What the task requires: As an exercise in exact copying, transcribe the lines below from the one holding "HERMES Fourre Tout" through the last, with both ends included and pictures left out.

Materials provided:
++++++++

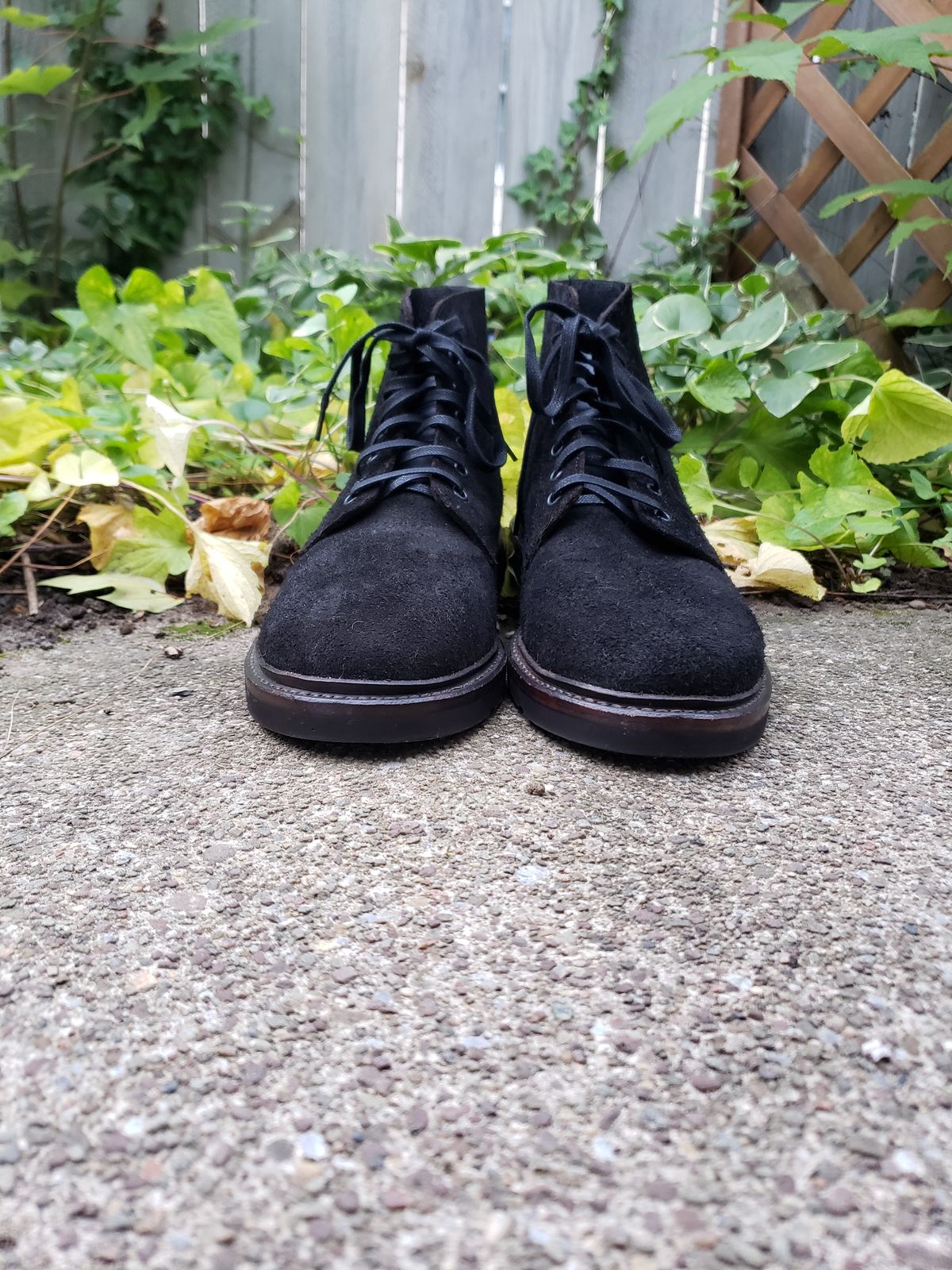 Photo by SneakyTurtle on October 1, 2022 of the Oak Street Bootmakers Field Boot in Seidel Black Oiled Congo Shrunken Bison Roughout.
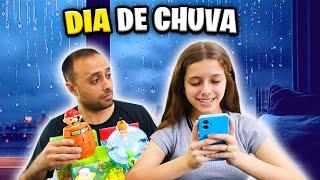 Flor de Menina aprende brincadeiras legais para brincar em dias de chuva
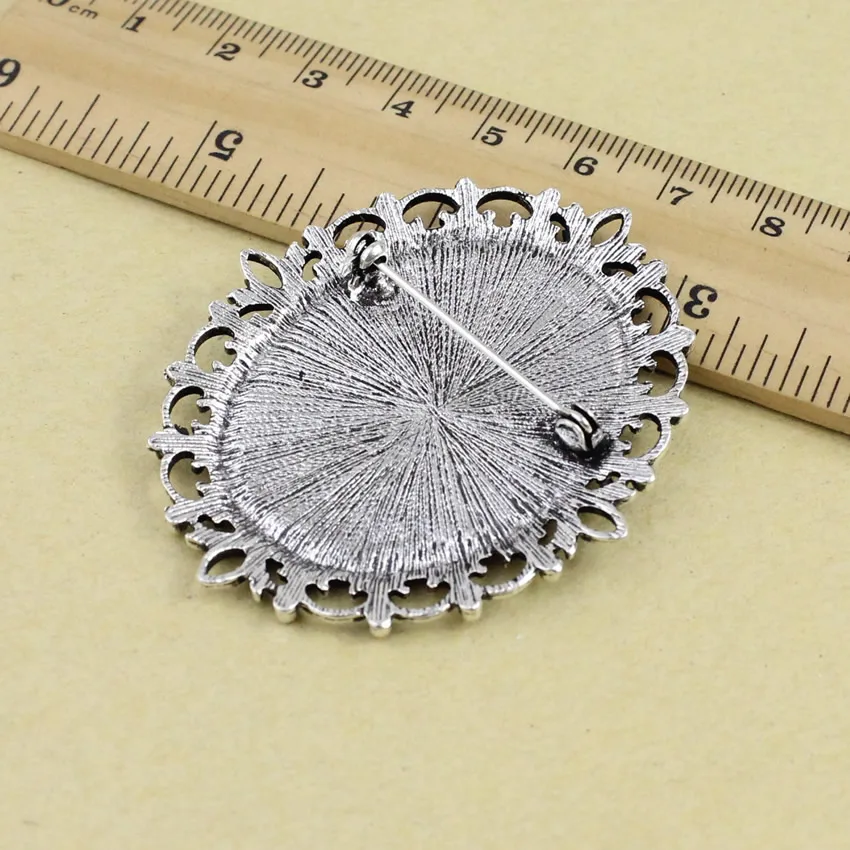 Винтажная пустая оправа основа для кабошона с основанием броши DIY 30x40 мм 3 шт./лот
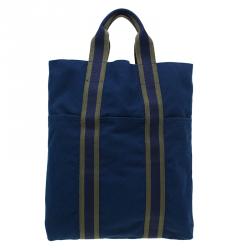 HERMES Fourre Tout Navy Blue Toile Canvas Unisex Premium Shoulder Tote Bag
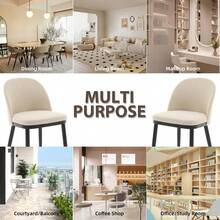 strundghti Upholstered Dining Chairs Set Of 2/4/6,Modern Fabric Kitchen Side Chairs With Thick Cushions And Wood Legs,Comfy Dining Room Chairs With Curved Backrest For Restaurant/Cafe - Beige-4 pcs - View 5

++++++++

Expected answer:
 HERMES Fourre Tout Navy Blue Toile Canvas Unisex Premium Shoulder Tote Bag
 strundghti Upholstered Dining Chairs Set Of 2/4/6,Modern Fabric Kitchen Side Chairs With Thick Cushions And Wood Legs,Comfy Dining Room Chairs With Curved Backrest For Restaurant/Cafe - Beige-4 pcs - View 5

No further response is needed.